02: https://gcc.gnu.org/ml/gcc-patches/2018-10/msg01432.html
03: https://gcc.gnu.org/ml/gcc-patches/2017-09/msg00734.html
04: https://gcc.gnu.org/ml/gcc-patches/2018-10/msg00928.html
05: https://gcc.gnu.org/ml/gcc-patches/2017-09/msg00592.html
06: https://gcc.gnu.org/ml/gcc-patches/2017-09/msg00609.html
07: https://gcc.gnu.org/ml/gcc-patches/2018-10/msg00955.html
08: https://gcc.gnu.org/ml/gcc-patches/2018-09/msg01270.html
09: https://gcc.gnu.org/ml/gcc-patches/2018-09/msg01264.html
10: https://gcc.gnu.org/ml/gcc-patches/2018-09/msg01269.html
12: https://gcc.gnu.org/ml/gcc-patches/2017-09/msg00735.html
14: https://gcc.gnu.org/ml/gcc-patches/2018-10/msg00970.html

1, 11, and 13 are DMD, Druntime, and Phobos, which are mirrored from
upstream dlang repositories.  I spoke with Richard Stallman a couple
days after this years GNU Cauldron, and he said there is no problem
with regards to their license.

> I take it that you've already got your contributor paperwork in place,
> right?  I see from your maintainers commit that you presumably have svn
> access.
>
> I'm not a global reviewer or steering committee member though; would be
> nice to get a "go for it" from one of those.  Richard is a global
> reviewer.
>

Yes, I was going to wait a couple days to make sure that there's no
objection, before pressing on with it.

Having a "go for it" from one of the reviewers would be nice though.

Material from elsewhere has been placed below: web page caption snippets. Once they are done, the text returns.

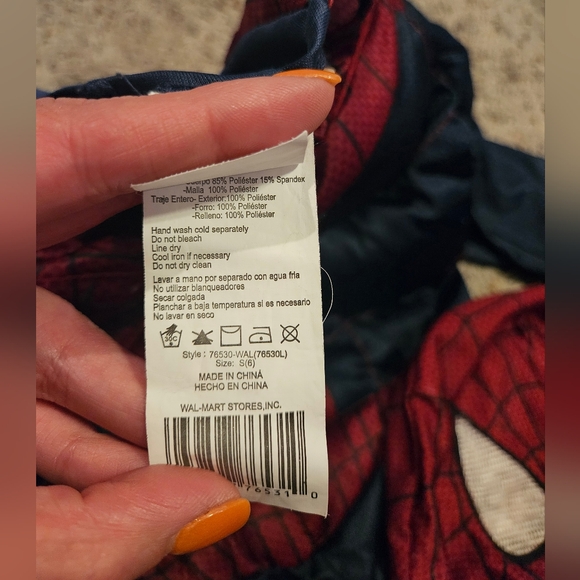 Spiderman Costume, Size Small - Picture 10 of 10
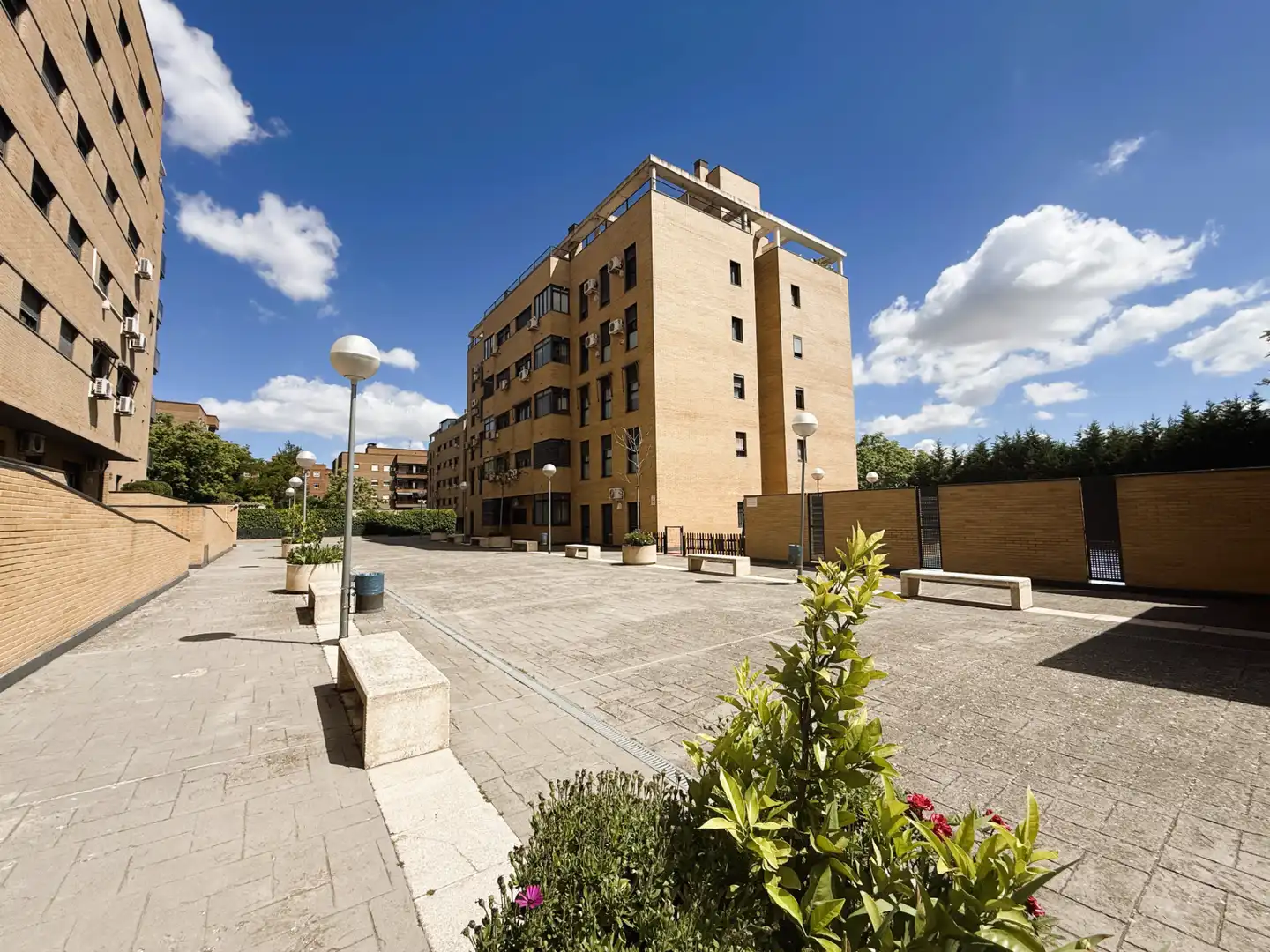 Vista exterior de Piso en venta en Valdemoro con Aire acondicionado, Calefacción y Trastero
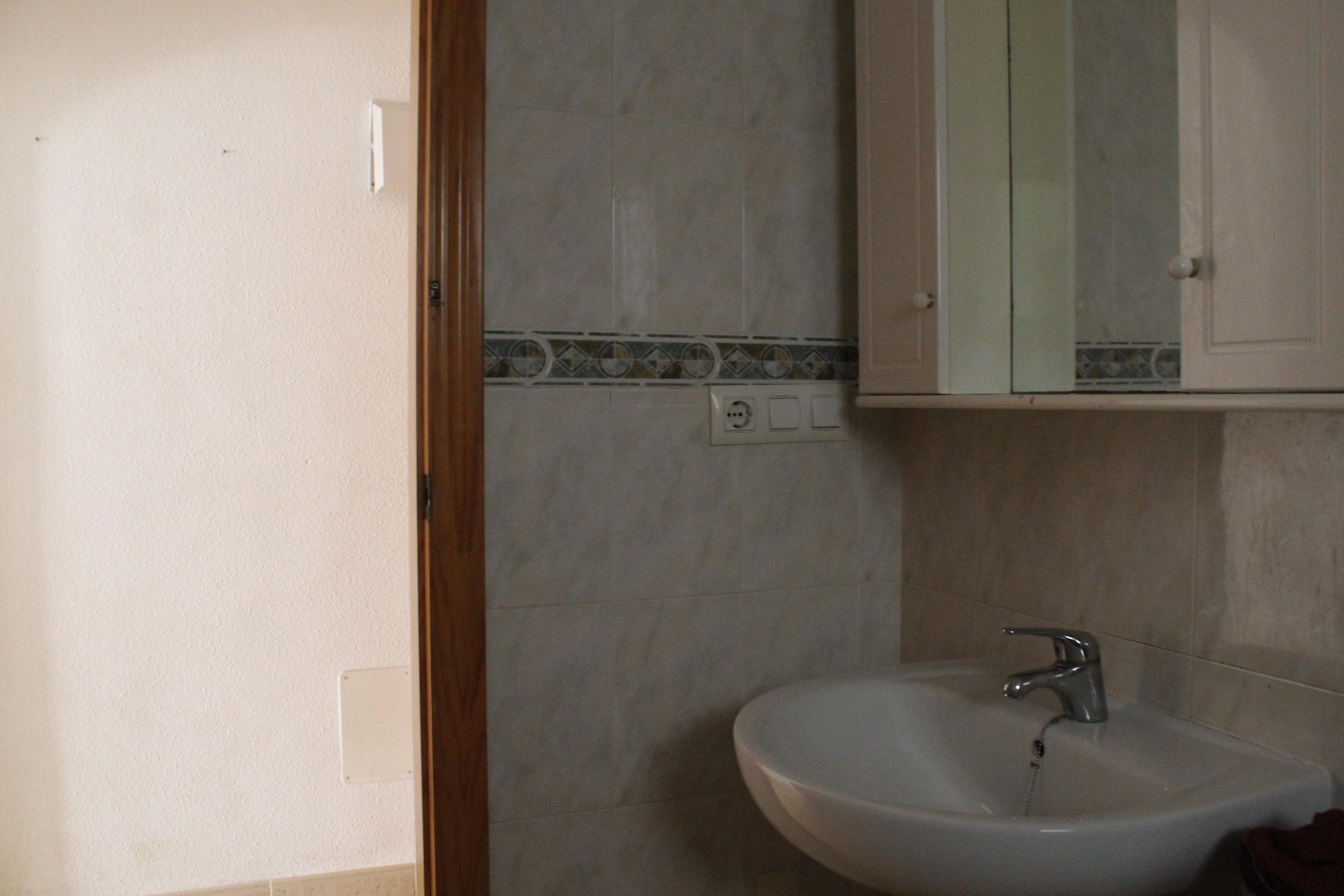 Imagen 15 Apartamento en venta en Guardamar Del Segura / A pocos minutos de la playa de guardamar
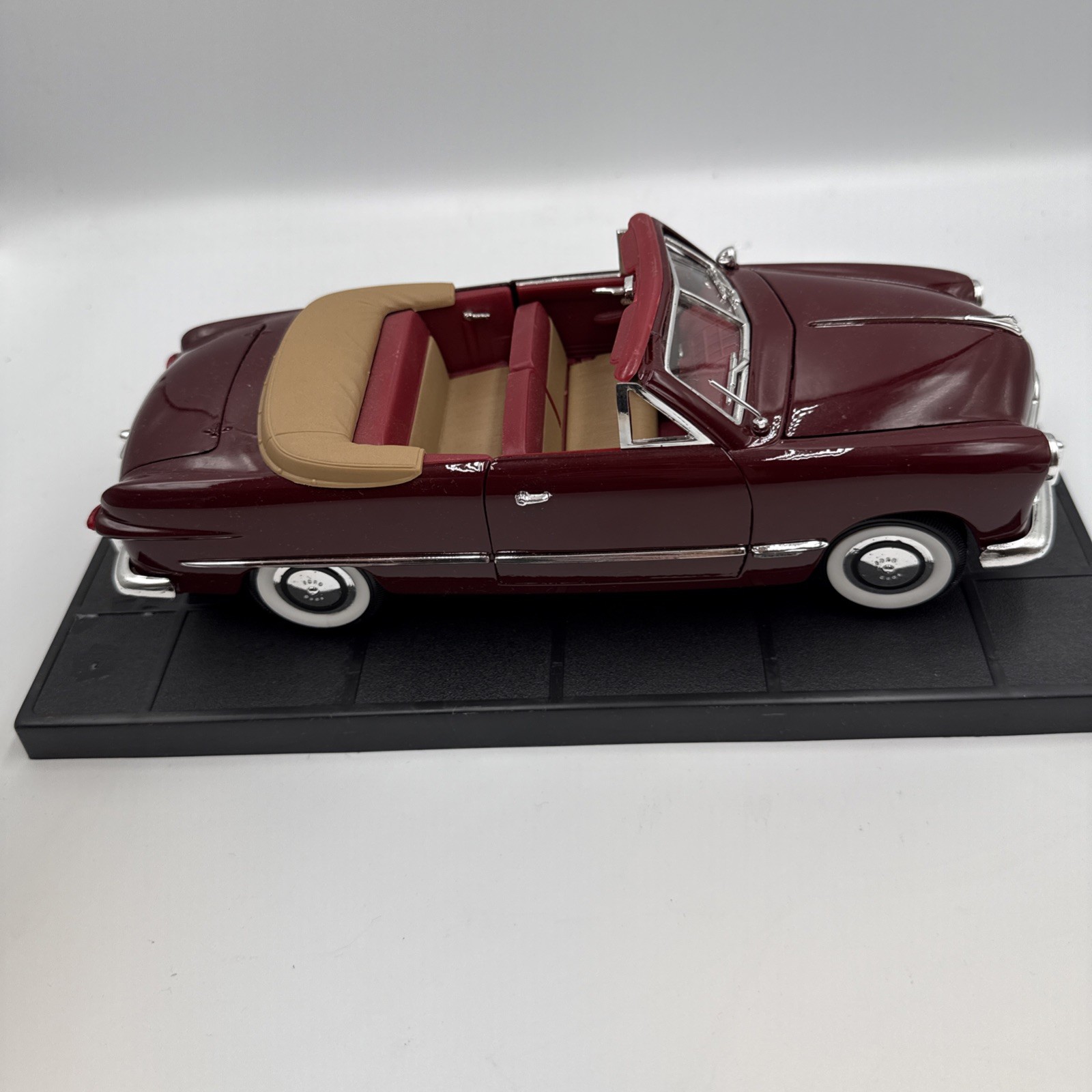 Mira 1:18 Diecast Car 1949 Red Ford Convertible Golden Line Spain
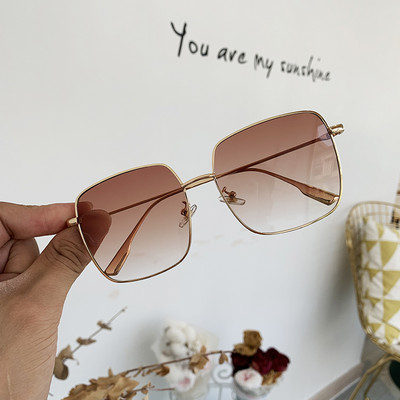 Aktuālas sieviešu saulesbrilles ar plānu rāmi kvadrātveida formā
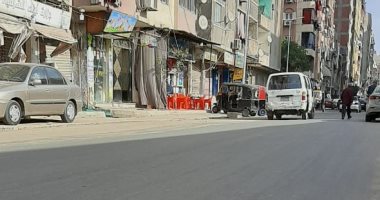 استجابة لـ"صحافة المواطن".. رصف شارع التحرير بعين شمس.. صور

> I'm not sure if it should be one big mega-commit, or split out the same
> way you split things out for review.
>

I think splitting makes sense, though not necessarily in 14 pieces,
there are only a few distinct parts.

- D language front-end.
- D standard and runtime libraries.
- D language testsuite
- D language support in GCC proper
- D language support in GCC targets
- Toplevel configure/makefile patches that add front-end and library
to the build

The first three can be squashed into one commit, as it's only adding new files.

> Thanks for all your work on this
> Dave
>
> [1] I've been checking the git mirror every few hours to look for a
> massive commit from you, if I'm honest :)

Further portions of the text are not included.